▶ _AVAILABLE DATA_
+===+

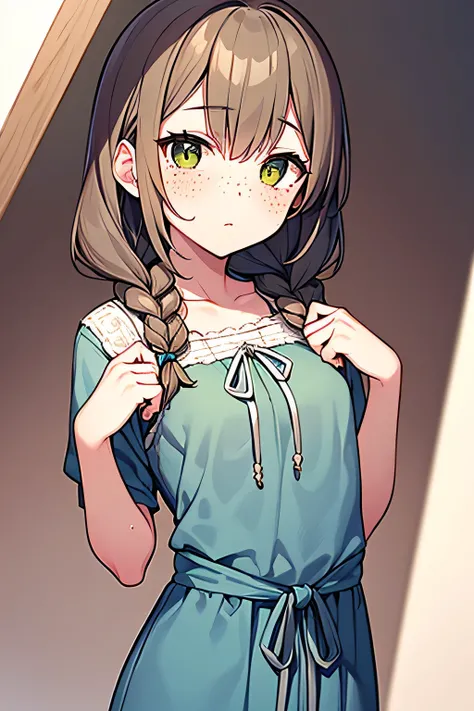 １４Old Village Girl,Small breasts,Light brown twin braids,Gray-green eyes,A simple light blue dress with a drawstring waist.,Freckles,Sunburned Skin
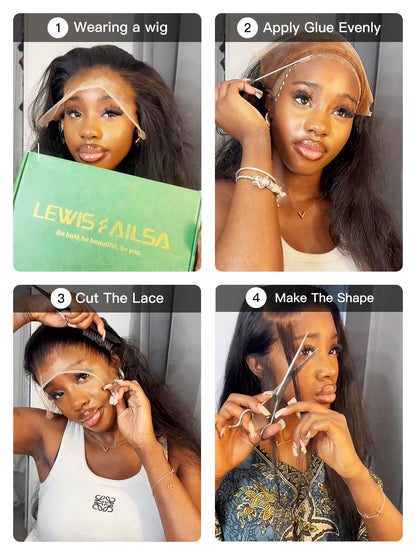 Long Straight Virgin Human Hair Wig - Natural Black 180 Density Wig | Lewis and Ailsa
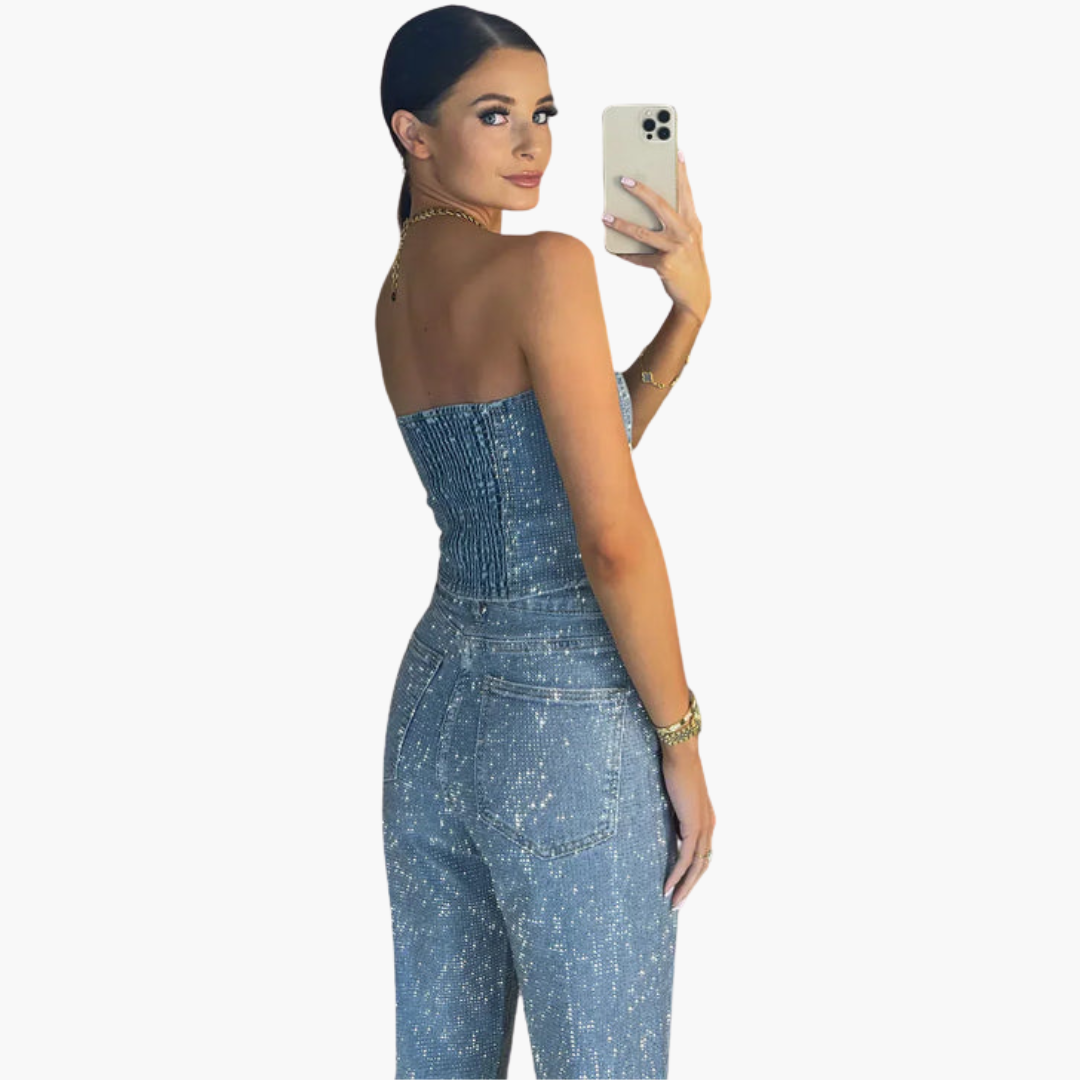 Women’s Strapless Glitter Jumpsuit with Straight Leg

+===+

▶ _WORK REQUIRED_
Restate the data exactly, though only from the line that contains "Long Straight Virgin" through its last line, both ends included and with the pictures left out.

▶ _THE COMPLETED TASK_
 Long Straight Virgin Human Hair Wig - Natural Black 180 Density Wig | Lewis and Ailsa
 Women’s Strapless Glitter Jumpsuit with Straight Leg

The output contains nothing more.